Nous ne pouvons que nous réjouir de la démarche faite mercredi dernier à la veille du Conseil Européen extraordinaire qui s'est tenu hier à Bruxelles, par le Chef de l'État français et le Chancelier Fédéral.
Plus que jamais, en ces temps où le doute ronge la charpente communautaire, notre Europe a besoin d'initiatives concrètes, susceptibles de relancer un moteur enrayé.
La politique étrangère et de sécurité commune, dont Français et Allemands, pour la première fois dans l'histoire de l'Europe, esquissant les priorités – paix et stabilité en Europe, Proche-Orient, ex-Yougoslavie, Russie – en les assortissant d'actions précises, participe sans aucun doute de cette "relance", tant nos opinions publiques nous ont reproché certains récents atermoiements en la matière.
La France et l'Allemagne partagent l'éminente responsabilité de donner à la construction européenne le nouveau souffle dont elle a besoin. Par-delà leur diversité politique, il me semble, Monsieur le Ministre-Chancelier, que tous les gouvernements qui se sont succédé dans nos deux pays ont fait ce qu'il fallait pour que cette flamme ne s'éteigne pas.
Cela suffira-t-il à redonner confiance aux Européens dans la capacité des institutions communautaires, à répondre à leurs interrogations et à leurs inquiétudes ? Cela suffira-t-il, pour apporter aux populations d'Europe Centrale et de l'Est les assurances qu'ils attendent sur leur vocation à être associés à nos décisions avant de nous rejoindre dès que leur situation le permettra ?
Cela suffira-t-il à rendre tangible à chacun cette réalité dont je n'ai, pour ma part, jamais douté depuis quarante ans ?
N'oublions pas que dans un monde où les États-Continents s'affirment chaque jour davantage, l'Union de l'Europe apparait non seulement comme une chance, mais surtout comme une nécessité pour chacun de nos pays, s'il veut être entendu et continuer à jouer un rôle au sein de la Communauté Internationale.
Il faudra sans doute davantage. Il faudra qu'à nouveau de grande voix s'élèvent pour faire entendre le discours de la raison et aussi celui de la passion, pour ne pas laisser dépérir ce que nous avons commencé à construire, pour donner à nos enfants et nos petits-enfants une Europe capable d'affronter les défis du 21e siècle.

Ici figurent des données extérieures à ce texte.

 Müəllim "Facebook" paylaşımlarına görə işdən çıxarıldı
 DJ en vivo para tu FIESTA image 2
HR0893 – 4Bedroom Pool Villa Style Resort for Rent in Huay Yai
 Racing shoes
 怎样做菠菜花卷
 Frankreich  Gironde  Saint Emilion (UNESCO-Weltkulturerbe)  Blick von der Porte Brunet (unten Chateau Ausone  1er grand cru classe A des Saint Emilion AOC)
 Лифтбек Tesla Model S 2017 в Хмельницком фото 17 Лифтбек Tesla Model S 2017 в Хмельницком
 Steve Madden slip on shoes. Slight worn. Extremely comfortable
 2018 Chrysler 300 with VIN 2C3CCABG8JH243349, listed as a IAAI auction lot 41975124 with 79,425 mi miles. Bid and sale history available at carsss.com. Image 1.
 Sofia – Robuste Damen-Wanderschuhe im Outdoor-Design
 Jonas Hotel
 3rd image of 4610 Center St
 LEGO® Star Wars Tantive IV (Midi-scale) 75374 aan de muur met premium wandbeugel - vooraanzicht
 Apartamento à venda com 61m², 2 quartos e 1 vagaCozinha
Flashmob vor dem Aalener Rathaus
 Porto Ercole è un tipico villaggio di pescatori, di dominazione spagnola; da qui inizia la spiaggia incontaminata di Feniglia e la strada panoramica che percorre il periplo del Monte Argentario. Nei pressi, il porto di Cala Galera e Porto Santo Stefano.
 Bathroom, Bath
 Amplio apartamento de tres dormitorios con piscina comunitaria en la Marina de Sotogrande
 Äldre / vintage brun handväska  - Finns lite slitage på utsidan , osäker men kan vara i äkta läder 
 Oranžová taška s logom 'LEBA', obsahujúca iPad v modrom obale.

Ayant su se réconcilier pour construire une Europe démocratique, les Européens auront vocation à parler d'une seule voix pour faire entendre un message qui ne doit pas seulement l'expression de leurs propres intérêts économiques et politiques, mais qui s'inspire d'une vision humaniste, fondée sur des valeurs de portée universelle.